In July of this year I purchased a small lot of New South Wales numerals, most of which were for my De La Rue collection.
The seller very kindly included two covers gratis.
One of those "covers" is shown below. I thought it was such a sweet artifact that I couldn't bring myself to part with it, so if this makes me a sentimental old so-and-so then so be it!
As it turns out, the address isn't too far from where I grew up. I started researching the family and found out some very interesting information.
Rowland's father Jacob was an orchardist who served time on Parramatta Council.

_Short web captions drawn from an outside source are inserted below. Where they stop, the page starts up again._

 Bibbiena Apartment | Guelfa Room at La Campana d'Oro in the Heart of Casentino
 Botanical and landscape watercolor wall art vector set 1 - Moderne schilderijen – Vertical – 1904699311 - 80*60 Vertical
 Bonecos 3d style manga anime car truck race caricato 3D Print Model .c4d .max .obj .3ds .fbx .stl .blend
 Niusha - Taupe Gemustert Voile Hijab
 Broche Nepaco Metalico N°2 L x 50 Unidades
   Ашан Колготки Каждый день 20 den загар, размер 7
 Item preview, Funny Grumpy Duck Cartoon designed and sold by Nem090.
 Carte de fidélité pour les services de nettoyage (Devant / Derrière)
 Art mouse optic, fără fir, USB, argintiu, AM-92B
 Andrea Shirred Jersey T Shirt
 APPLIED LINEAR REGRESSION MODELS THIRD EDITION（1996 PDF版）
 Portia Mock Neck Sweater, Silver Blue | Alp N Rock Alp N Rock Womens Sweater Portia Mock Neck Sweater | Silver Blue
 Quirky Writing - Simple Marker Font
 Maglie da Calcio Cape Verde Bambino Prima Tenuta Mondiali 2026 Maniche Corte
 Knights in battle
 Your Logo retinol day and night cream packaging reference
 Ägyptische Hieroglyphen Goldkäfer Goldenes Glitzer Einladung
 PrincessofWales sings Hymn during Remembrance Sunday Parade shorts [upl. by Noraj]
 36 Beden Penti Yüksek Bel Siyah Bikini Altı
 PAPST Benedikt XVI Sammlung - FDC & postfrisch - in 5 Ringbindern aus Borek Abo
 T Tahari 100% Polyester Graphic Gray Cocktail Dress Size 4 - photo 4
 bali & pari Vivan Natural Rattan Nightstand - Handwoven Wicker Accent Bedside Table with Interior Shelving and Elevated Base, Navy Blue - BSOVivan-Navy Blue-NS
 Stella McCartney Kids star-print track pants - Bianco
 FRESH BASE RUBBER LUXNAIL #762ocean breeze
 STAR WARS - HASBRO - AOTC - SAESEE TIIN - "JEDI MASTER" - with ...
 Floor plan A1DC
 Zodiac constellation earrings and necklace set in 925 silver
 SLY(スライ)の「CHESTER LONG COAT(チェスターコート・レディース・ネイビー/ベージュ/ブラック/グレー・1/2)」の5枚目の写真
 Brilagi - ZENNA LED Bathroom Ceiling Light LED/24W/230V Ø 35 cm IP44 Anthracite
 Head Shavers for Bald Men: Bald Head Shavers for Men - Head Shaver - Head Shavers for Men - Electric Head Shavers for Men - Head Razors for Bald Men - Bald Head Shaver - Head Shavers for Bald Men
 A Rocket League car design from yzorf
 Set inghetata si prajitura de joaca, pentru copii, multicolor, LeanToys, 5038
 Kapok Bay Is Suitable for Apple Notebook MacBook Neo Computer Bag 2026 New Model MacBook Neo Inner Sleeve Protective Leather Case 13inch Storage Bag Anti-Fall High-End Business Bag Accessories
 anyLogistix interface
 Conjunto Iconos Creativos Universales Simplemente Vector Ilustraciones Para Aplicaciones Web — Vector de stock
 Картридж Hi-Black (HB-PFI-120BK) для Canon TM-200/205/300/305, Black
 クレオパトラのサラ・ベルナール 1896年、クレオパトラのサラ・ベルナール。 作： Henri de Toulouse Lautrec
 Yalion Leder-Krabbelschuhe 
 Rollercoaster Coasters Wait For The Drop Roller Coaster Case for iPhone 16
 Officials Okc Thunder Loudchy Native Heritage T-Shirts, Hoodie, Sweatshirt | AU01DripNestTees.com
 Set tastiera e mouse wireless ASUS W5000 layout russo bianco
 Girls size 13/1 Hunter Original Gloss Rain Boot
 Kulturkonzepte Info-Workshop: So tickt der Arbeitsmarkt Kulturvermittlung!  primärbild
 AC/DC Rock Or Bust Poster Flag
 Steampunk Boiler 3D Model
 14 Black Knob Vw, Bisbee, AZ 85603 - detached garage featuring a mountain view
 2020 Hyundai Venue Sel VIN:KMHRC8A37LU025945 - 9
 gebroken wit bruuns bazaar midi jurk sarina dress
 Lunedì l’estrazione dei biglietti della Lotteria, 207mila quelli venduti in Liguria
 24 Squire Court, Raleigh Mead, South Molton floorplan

Calmsley was a large property on Kissing Point Road in Dundas, a suburb of Sydney. Jacob's parents arrived as free settlers in 1855.
Rowland's mother's name was Mary Frances Hughes, a descendant of what is cheekily called Australian Royalty, a term the actor Jack Thompson used in the first episode of "Who Do You Think You Are". See here for further details: https://australianroyalty.net.au/tr...llmccord.ged
Mary's aunt Ann married a George Spurway, a convict whose son, George Jr., built the property "Riverview". Spurway Street, Dundas is named in honour of George Jr. Further reading can be found here https://convictrecords.com.au/convi...george/90364
and here https://en.wikipedia.org/wiki/River...e,_West_Ryde
Ann's mother was the daughter of "First Fleeters" John Small and Mary Parker.
Ann's aunt Rebecca married the Reverend Francis Oakes. Oakes Road, Carlingford (just up the road from Dundas) is named after his son Francis Jr. Oakes' ADB entry is here: http://adb.anu.edu.au/biography/oakes-francis-2513
Rebecca's daughter Elizabeth was the mother of Lucy Armstrong, who in 1863 married Sir James Fairfax, the family who owned the Sydney Morning Herald from 1841.
While researching the Sydney Morning Herald just now, I discovered that one of the founders was a William McGarvie. The surname sounded familiar. His brother, the Reverend John, had arrived in New South Wales in 1826, two years before his brother. The entire below was posted to John from Parramatta in 1848.
John's entry in the ADB is here: http://adb.anu.edu.au/biography/mcgarvie-john-2399
Who would've thought that so much history could have been attached to such a humble letter to Father Santa Claus?
So, from New South Wales, a very Merry Christmas to all in our wonderful Stamp Community.